[Record excerpts]
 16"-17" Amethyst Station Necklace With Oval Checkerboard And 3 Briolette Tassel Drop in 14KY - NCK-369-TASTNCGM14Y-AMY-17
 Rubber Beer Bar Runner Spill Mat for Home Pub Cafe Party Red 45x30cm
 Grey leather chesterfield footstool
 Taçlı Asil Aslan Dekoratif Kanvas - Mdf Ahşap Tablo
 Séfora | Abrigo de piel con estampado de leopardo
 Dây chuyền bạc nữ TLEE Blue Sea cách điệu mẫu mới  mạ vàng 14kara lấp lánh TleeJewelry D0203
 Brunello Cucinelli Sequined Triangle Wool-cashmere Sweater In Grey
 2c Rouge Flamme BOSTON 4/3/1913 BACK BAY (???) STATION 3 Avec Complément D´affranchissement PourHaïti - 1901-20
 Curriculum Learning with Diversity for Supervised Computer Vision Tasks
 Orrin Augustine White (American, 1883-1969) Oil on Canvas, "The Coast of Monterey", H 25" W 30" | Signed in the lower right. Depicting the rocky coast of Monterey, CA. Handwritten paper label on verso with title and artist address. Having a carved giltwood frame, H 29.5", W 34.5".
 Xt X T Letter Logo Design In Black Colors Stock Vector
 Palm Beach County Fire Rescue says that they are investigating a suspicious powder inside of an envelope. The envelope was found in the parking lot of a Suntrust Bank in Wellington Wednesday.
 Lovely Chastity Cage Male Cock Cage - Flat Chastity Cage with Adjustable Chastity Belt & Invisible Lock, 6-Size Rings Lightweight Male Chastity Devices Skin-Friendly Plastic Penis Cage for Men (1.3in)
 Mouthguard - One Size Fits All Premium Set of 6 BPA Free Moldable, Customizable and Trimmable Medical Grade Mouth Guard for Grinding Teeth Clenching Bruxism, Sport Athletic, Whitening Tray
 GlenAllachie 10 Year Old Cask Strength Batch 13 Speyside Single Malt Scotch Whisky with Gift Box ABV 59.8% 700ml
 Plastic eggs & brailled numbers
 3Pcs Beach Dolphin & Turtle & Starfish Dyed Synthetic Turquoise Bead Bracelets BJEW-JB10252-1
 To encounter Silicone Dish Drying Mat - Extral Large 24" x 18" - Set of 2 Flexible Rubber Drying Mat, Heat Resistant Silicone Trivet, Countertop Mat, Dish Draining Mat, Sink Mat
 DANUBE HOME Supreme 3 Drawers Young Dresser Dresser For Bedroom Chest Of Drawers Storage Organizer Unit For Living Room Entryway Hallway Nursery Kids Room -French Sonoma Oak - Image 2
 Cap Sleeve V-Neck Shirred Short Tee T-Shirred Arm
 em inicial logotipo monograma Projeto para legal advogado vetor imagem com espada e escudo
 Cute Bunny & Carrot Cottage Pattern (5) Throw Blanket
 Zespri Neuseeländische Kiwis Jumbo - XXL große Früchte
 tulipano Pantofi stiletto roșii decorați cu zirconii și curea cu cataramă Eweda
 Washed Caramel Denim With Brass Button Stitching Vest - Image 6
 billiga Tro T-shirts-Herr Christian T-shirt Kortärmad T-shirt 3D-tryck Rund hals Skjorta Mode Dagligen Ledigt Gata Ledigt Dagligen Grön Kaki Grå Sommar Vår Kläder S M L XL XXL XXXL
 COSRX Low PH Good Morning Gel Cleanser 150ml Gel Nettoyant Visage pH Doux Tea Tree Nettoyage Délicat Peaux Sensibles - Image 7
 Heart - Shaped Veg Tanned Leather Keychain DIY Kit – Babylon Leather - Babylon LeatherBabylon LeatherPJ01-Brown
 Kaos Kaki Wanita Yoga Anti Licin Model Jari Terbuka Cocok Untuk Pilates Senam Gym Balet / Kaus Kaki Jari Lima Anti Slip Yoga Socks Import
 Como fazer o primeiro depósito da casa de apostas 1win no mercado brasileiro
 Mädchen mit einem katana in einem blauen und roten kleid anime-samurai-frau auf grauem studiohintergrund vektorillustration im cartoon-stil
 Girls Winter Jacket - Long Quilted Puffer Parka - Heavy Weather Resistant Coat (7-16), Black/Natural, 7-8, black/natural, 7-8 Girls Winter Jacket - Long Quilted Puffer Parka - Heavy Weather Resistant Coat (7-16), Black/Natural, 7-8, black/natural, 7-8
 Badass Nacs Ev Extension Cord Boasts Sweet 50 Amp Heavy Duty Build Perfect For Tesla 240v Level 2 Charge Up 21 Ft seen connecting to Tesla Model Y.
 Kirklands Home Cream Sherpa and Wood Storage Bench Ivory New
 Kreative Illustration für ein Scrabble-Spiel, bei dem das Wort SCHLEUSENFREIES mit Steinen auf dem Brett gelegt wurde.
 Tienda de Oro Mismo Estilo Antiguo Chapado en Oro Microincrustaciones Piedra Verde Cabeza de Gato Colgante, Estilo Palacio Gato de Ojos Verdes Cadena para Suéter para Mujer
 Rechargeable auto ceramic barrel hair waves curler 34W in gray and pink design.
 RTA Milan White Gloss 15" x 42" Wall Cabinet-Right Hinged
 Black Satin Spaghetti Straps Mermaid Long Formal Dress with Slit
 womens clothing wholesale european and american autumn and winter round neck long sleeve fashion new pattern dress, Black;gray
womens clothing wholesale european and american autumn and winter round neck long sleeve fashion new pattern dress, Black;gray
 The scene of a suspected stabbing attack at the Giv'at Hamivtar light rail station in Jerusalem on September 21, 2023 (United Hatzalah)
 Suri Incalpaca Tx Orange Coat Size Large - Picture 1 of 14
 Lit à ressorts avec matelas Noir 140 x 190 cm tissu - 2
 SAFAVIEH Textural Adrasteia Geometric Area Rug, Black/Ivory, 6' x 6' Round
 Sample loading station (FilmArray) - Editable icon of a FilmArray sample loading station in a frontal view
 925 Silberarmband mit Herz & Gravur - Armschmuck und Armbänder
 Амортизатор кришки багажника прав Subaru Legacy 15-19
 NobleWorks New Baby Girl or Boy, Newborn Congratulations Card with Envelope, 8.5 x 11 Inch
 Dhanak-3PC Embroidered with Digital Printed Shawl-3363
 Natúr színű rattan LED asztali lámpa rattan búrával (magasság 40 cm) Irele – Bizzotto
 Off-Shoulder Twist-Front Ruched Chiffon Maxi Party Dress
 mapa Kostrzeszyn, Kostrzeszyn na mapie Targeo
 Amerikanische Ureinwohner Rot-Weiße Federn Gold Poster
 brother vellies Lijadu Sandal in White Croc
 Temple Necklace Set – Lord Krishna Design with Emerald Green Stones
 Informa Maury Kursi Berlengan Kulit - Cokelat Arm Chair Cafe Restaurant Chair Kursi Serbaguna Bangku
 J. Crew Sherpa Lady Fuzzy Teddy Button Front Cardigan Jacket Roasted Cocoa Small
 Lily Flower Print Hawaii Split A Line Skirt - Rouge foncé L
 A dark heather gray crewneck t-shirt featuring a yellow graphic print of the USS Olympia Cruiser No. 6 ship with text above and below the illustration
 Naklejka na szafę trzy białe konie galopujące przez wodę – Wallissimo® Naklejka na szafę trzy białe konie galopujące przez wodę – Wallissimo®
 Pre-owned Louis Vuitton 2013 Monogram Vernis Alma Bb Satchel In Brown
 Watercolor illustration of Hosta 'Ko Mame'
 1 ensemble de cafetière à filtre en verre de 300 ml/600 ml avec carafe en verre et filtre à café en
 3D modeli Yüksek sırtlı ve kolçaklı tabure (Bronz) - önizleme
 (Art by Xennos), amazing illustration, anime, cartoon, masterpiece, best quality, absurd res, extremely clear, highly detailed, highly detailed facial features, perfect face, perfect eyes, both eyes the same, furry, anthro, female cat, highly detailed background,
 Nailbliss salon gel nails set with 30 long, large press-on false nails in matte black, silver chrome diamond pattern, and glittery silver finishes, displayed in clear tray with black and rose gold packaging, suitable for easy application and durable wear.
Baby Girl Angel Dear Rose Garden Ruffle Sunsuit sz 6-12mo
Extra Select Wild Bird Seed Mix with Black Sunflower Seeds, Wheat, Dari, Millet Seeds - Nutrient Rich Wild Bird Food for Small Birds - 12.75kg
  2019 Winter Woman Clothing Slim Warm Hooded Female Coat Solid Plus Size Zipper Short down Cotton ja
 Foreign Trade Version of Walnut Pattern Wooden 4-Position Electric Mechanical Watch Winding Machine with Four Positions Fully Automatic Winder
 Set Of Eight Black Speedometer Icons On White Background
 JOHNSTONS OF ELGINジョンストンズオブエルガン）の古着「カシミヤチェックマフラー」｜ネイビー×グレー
[/Record excerpts]
Problem description: The line above containing "Brunello Cucinelli Sequined", the line containing "Cute Bunny &", and every line between them are to be transcribed exactly; no other line is wanted.

Output of the exercise:
 Brunello Cucinelli Sequined Triangle Wool-cashmere Sweater In Grey
 2c Rouge Flamme BOSTON 4/3/1913 BACK BAY (???) STATION 3 Avec Complément D´affranchissement PourHaïti - 1901-20
 Curriculum Learning with Diversity for Supervised Computer Vision Tasks
 Orrin Augustine White (American, 1883-1969) Oil on Canvas, "The Coast of Monterey", H 25" W 30" | Signed in the lower right. Depicting the rocky coast of Monterey, CA. Handwritten paper label on verso with title and artist address. Having a carved giltwood frame, H 29.5", W 34.5".
 Xt X T Letter Logo Design In Black Colors Stock Vector
 Palm Beach County Fire Rescue says that they are investigating a suspicious powder inside of an envelope. The envelope was found in the parking lot of a Suntrust Bank in Wellington Wednesday.
 Lovely Chastity Cage Male Cock Cage - Flat Chastity Cage with Adjustable Chastity Belt & Invisible Lock, 6-Size Rings Lightweight Male Chastity Devices Skin-Friendly Plastic Penis Cage for Men (1.3in)
 Mouthguard - One Size Fits All Premium Set of 6 BPA Free Moldable, Customizable and Trimmable Medical Grade Mouth Guard for Grinding Teeth Clenching Bruxism, Sport Athletic, Whitening Tray
 GlenAllachie 10 Year Old Cask Strength Batch 13 Speyside Single Malt Scotch Whisky with Gift Box ABV 59.8% 700ml
 Plastic eggs & brailled numbers
 3Pcs Beach Dolphin & Turtle & Starfish Dyed Synthetic Turquoise Bead Bracelets BJEW-JB10252-1
 To encounter Silicone Dish Drying Mat - Extral Large 24" x 18" - Set of 2 Flexible Rubber Drying Mat, Heat Resistant Silicone Trivet, Countertop Mat, Dish Draining Mat, Sink Mat
 DANUBE HOME Supreme 3 Drawers Young Dresser Dresser For Bedroom Chest Of Drawers Storage Organizer Unit For Living Room Entryway Hallway Nursery Kids Room -French Sonoma Oak - Image 2
 Cap Sleeve V-Neck Shirred Short Tee T-Shirred Arm
 em inicial logotipo monograma Projeto para legal advogado vetor imagem com espada e escudo
 Cute Bunny & Carrot Cottage Pattern (5) Throw Blanket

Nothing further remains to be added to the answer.